**BRIEF:**
Repeat every entry word for word. Images do not belong in the copy.

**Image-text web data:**
* * * * *
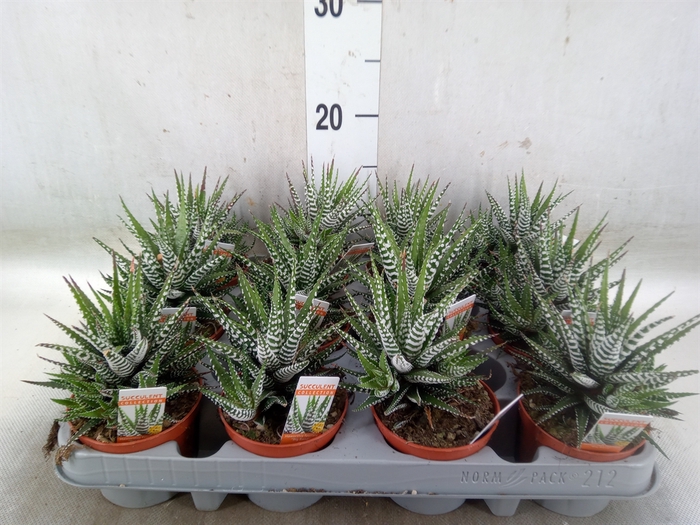 <h4>Haworthia fasciala 'Big Band'</h4>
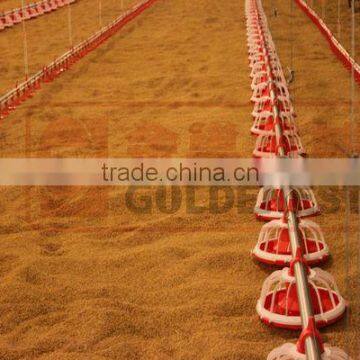 poultry farm feeding equipment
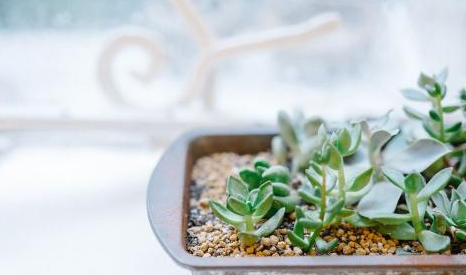 һ���˵ĸ����ʲô��˼ ��һ���˵��۽�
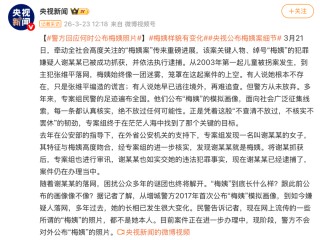 “梅姨案”细节公布！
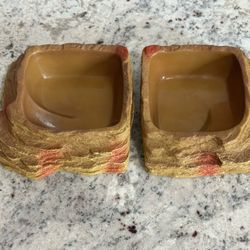 Reptile Food Water Dish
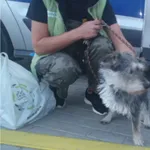 Znaleziono psa, Bydgoszcz, 16 września 2022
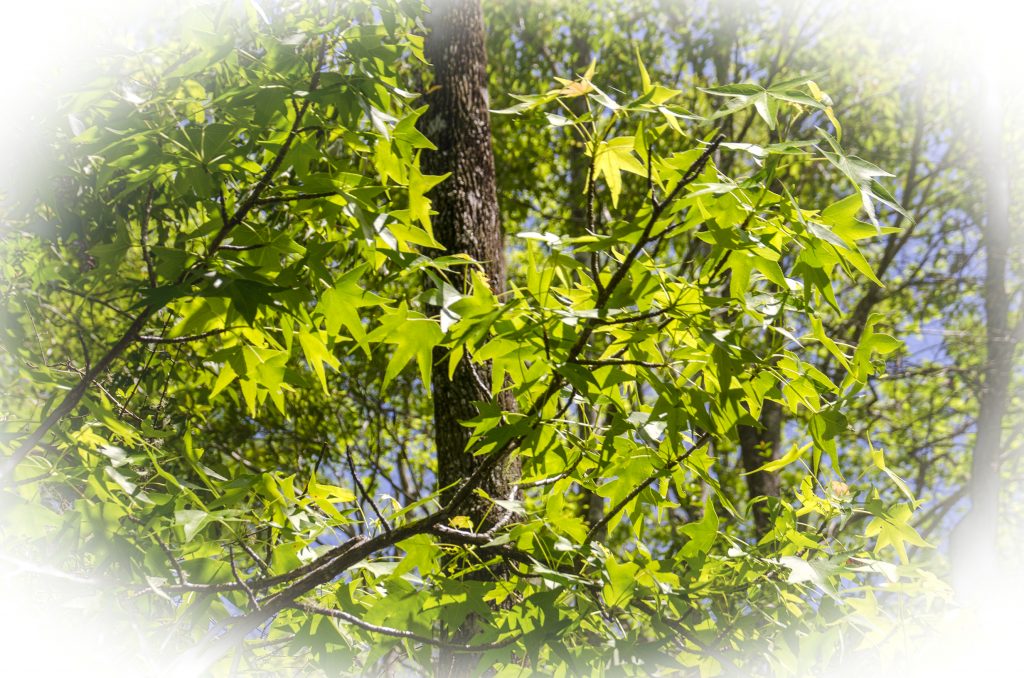 Sweet Gum - Liquidambar styraciflua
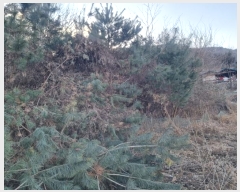  2024Ÿ��3413  �����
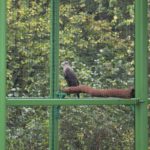 zoo, park Wrocławski, 2020 (5)
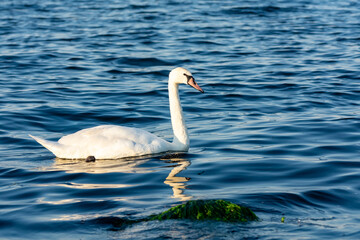 Swan in the water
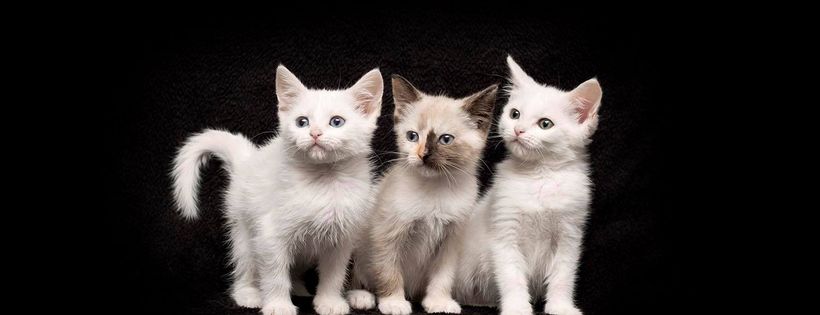 Perth Rescue Angels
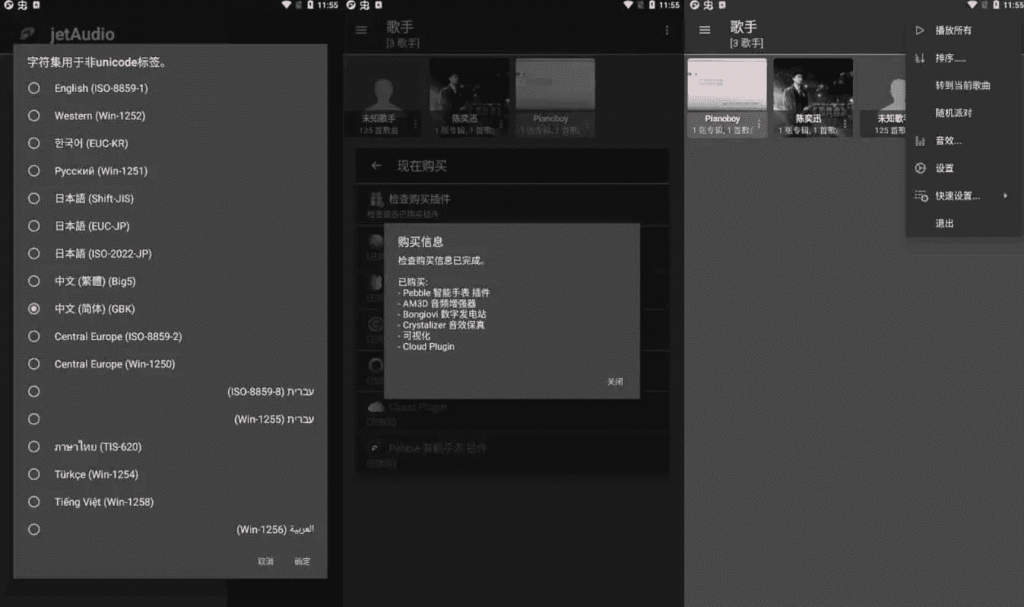 jetAudiov12.3.3最强音乐播放器，高级多语言版-财仔梦想资源网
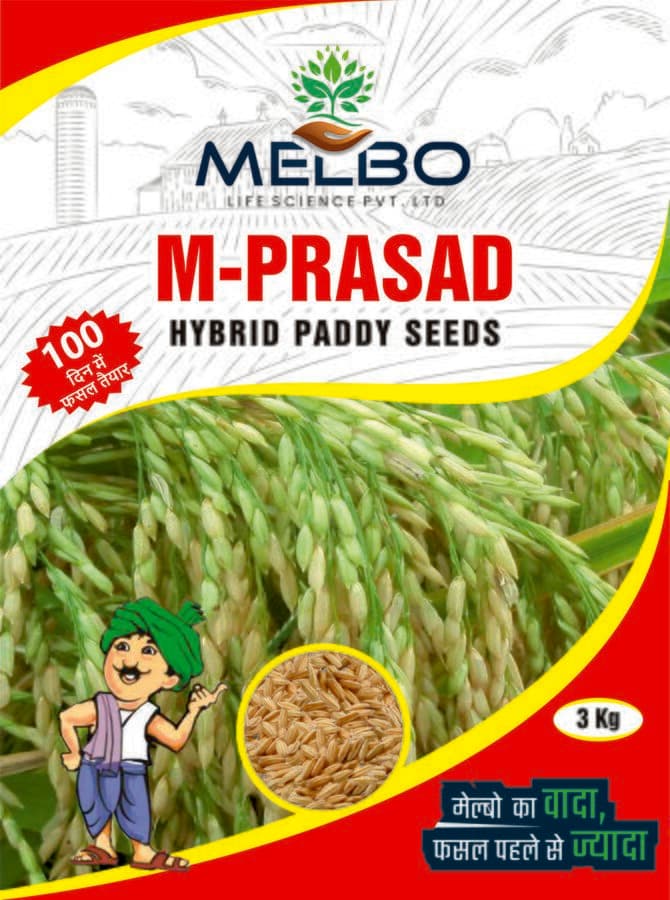 M-Prasad — view 2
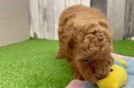 Playful Mini Groodle Poodle Mix Puppy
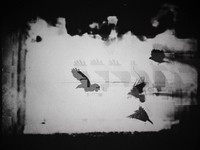 39-7-2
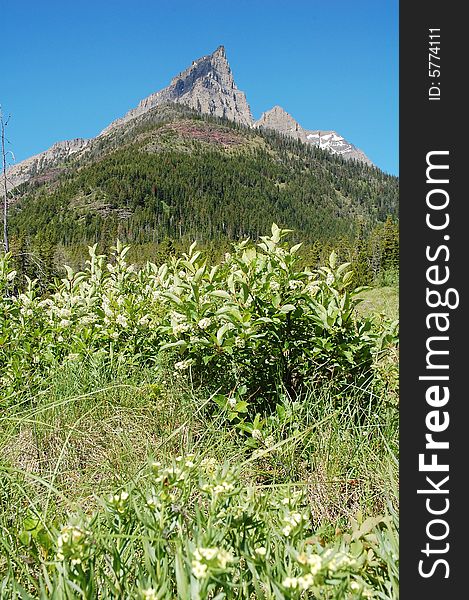 Mountains, forests and meadows in waterton lakes national park, alberta, canada. Mountains, forests and meadows in waterton lakes national park, alberta, canada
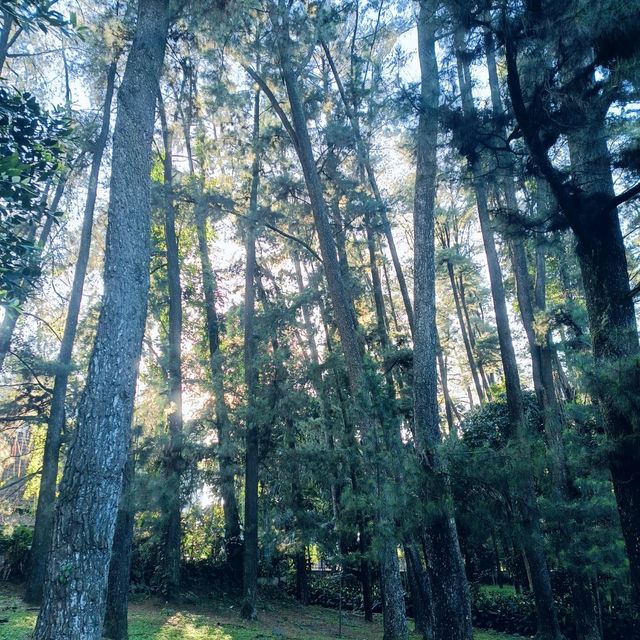 New Year's Day at the Botanical gardens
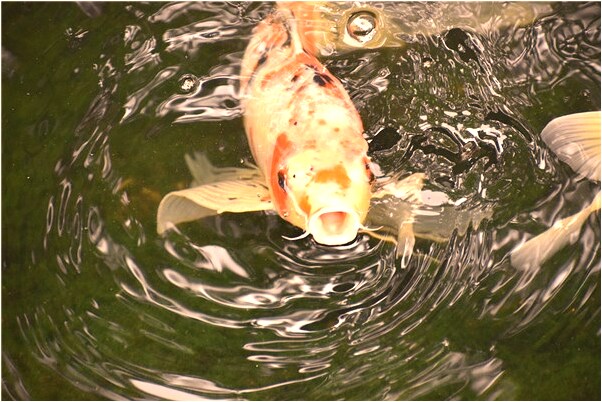 夢見金色的蛇咬我沒咬到意味著什麼_周公解夢官網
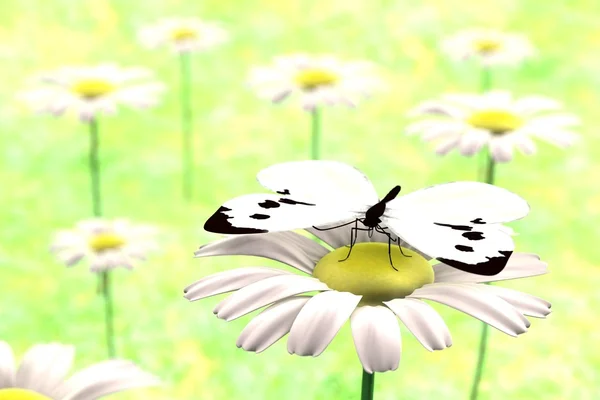 Realistické 3d vykreslení Butterfly — Stock fotografie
* * * * *
**REPLY TO THE TASK:**
 <h4>Haworthia fasciala 'Big Band'</h4>
 poultry farm feeding equipment
 һ���˵ĸ����ʲô��˼ ��һ���˵��۽�
 “梅姨案”细节公布！
 Reptile Food Water Dish
 Znaleziono psa, Bydgoszcz, 16 września 2022
 Sweet Gum - Liquidambar styraciflua
  2024Ÿ��3413  �����
 zoo, park Wrocławski, 2020 (5)
 Swan in the water
 Perth Rescue Angels
 jetAudiov12.3.3最强音乐播放器，高级多语言版-财仔梦想资源网
 M-Prasad — view 2
 Playful Mini Groodle Poodle Mix Puppy
 39-7-2
 Mountains, forests and meadows in waterton lakes national park, alberta, canada. Mountains, forests and meadows in waterton lakes national park, alberta, canada
 New Year's Day at the Botanical gardens
 夢見金色的蛇咬我沒咬到意味著什麼_周公解夢官網
 Realistické 3d vykreslení Butterfly — Stock fotografie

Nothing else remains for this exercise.